+++ EXTRACTED INFORMATION +++

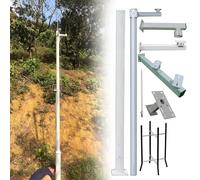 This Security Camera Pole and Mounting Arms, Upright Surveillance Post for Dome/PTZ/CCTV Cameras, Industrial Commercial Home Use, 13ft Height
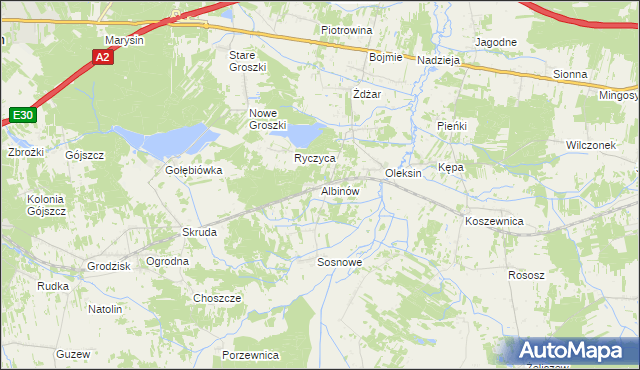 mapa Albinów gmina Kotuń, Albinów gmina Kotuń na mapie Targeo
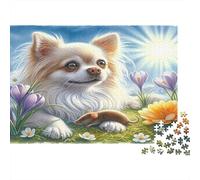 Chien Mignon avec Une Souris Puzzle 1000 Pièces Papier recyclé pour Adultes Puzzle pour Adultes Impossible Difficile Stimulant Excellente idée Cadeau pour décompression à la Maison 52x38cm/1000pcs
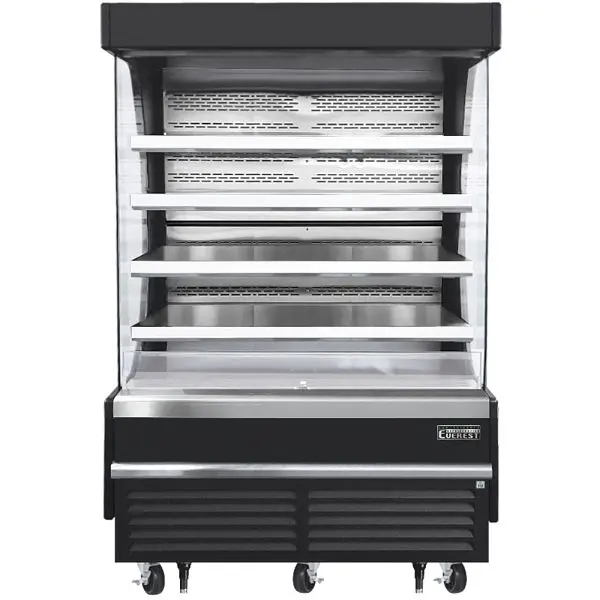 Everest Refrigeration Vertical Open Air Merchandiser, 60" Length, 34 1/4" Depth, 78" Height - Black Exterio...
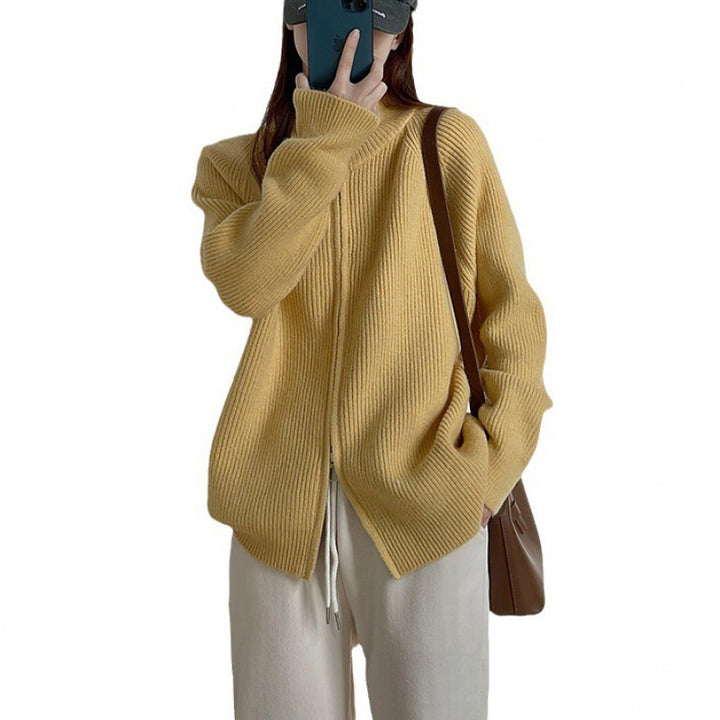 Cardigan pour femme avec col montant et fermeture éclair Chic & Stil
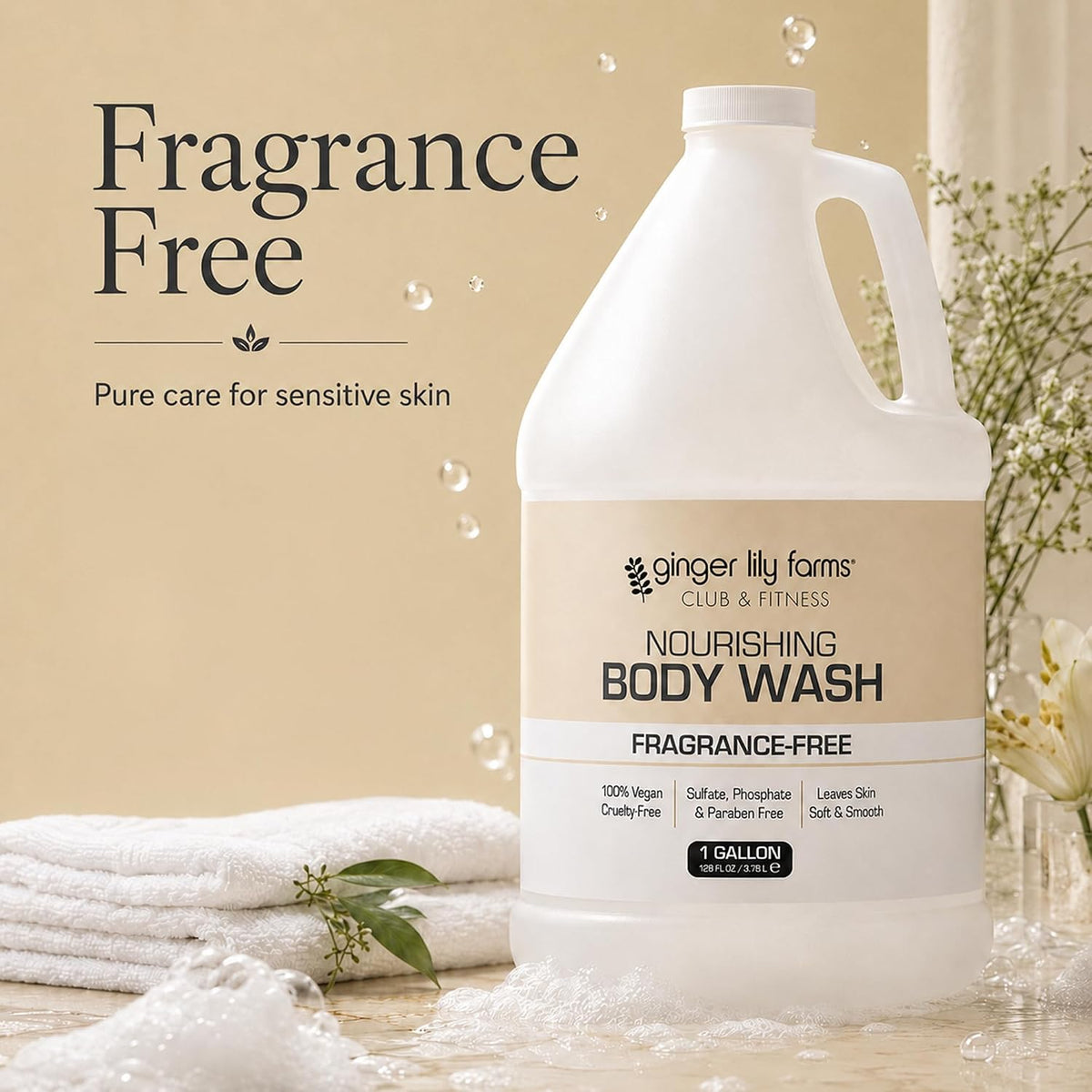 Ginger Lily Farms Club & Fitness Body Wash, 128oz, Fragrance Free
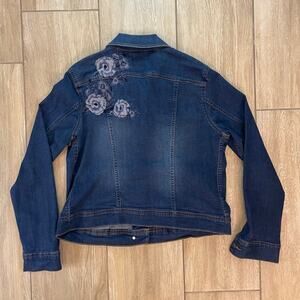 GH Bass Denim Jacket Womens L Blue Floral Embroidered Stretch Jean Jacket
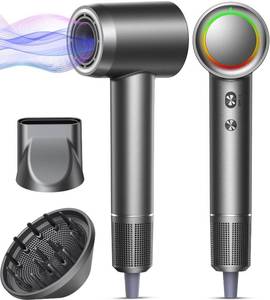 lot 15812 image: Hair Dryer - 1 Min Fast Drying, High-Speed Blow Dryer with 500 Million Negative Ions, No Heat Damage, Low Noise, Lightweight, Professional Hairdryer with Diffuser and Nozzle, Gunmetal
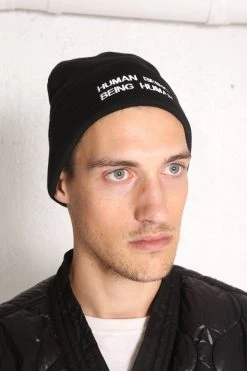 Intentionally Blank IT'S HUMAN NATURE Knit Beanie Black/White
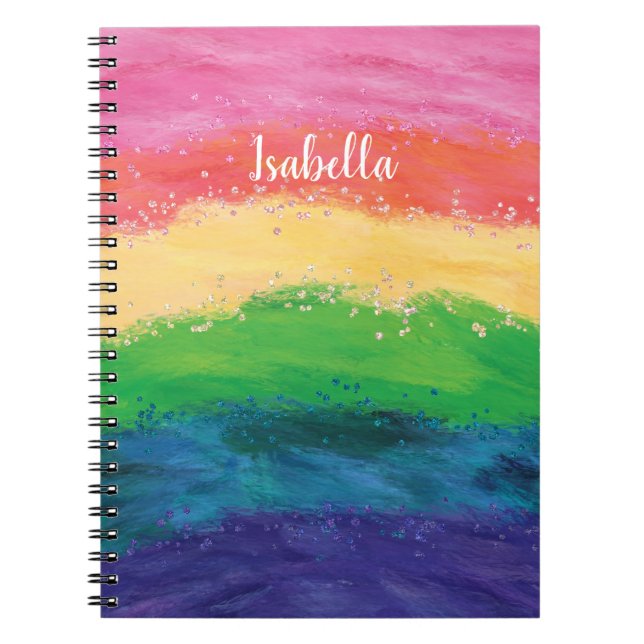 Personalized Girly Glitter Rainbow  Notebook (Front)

+++

EXERCISE:
Print, exactly and only, the lines running from the line with "Chien Mignon avec" through the last line of the data, including both. Skip any picture.

TASK ANSWER:
 Chien Mignon avec Une Souris Puzzle 1000 Pièces Papier recyclé pour Adultes Puzzle pour Adultes Impossible Difficile Stimulant Excellente idée Cadeau pour décompression à la Maison 52x38cm/1000pcs
 Everest Refrigeration Vertical Open Air Merchandiser, 60" Length, 34 1/4" Depth, 78" Height - Black Exterio...
 Cardigan pour femme avec col montant et fermeture éclair Chic & Stil
 Ginger Lily Farms Club & Fitness Body Wash, 128oz, Fragrance Free
 GH Bass Denim Jacket Womens L Blue Floral Embroidered Stretch Jean Jacket
 lot 15812 image: Hair Dryer - 1 Min Fast Drying, High-Speed Blow Dryer with 500 Million Negative Ions, No Heat Damage, Low Noise, Lightweight, Professional Hairdryer with Diffuser and Nozzle, Gunmetal
 Intentionally Blank IT'S HUMAN NATURE Knit Beanie Black/White
 Personalized Girly Glitter Rainbow  Notebook (Front)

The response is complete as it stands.